Question

an inverted conical water tank with a height of 20 ft and a radius of 8 ft is drained through a hole in the vertex (bottom) at a rate of 4 ft^3/sec. Find the rate of change of the water depth when the water depth is 10 ft.

Answer 1

Answer:

the rate of change of the water depth when the water depth is 10 ft is;  $\mathbf{\dfrac{dh}{dt} = \dfrac{-25}{100 \pi} \ \ ft/s}$

Step-by-step explanation:

Given that:

the inverted conical water tank with a height of 20 ft and a radius of 8 ft  is drained through a hole in the vertex (bottom) at a rate of 4 ft^3/sec.

We are meant to find the  rate of change of the water depth when the water depth is 10 ft.

The diagrammatic expression below clearly interprets the question.

From the image below, assuming h = the depth of the tank at  a time t and r = radius of the cone shaped at a time t

Then the similar triangles  ΔOCD and ΔOAB is as follows:

$\dfrac{h}{r}= \dfrac{20}{8}$    ( similar triangle property)

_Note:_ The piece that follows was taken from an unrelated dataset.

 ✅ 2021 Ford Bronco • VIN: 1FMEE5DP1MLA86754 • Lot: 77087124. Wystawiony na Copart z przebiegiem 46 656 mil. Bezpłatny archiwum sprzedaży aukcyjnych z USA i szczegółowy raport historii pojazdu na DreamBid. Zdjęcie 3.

$\dfrac{h}{r}= \dfrac{5}{2}$

$\dfrac{h}{r}= 2.5$

h = 2.5r

$r = \dfrac{h}{2.5}$

The volume of the water in the tank is represented by the equation:

$V = \dfrac{1}{3} \pi r^2 h$

$V = \dfrac{1}{3} \pi (\dfrac{h^2}{6.25}) h$

$V = \dfrac{1}{18.75} \pi \ h^3$

The rate of change of the water depth  is :

$\dfrac{dv}{dt}= \dfrac{\pi r^2}{6.25}\ \dfrac{dh}{dt}$

Since the water is drained  through a hole in the vertex (bottom) at a rate of 4 ft^3/sec

Then,

$\dfrac{dv}{dt}= - 4 \ ft^3/sec$

Therefore,

$-4 = \dfrac{\pi r^2}{6.25}\ \dfrac{dh}{dt}$

the rate of change of the water at depth h = 10 ft is:

$-4 = \dfrac{ 100 \ \pi }{6.25}\ \dfrac{dh}{dt}$

$100 \pi \dfrac{dh}{dt} = -4 \times 6.25$

$100 \pi \dfrac{dh}{dt} = -25$

$\dfrac{dh}{dt} = \dfrac{-25}{100 \pi}$

Thus, the rate of change of the water depth when the water depth is 10 ft is;  $\mathtt{\dfrac{dh}{dt} = \dfrac{-25}{100 \pi} \ \ ft/s}$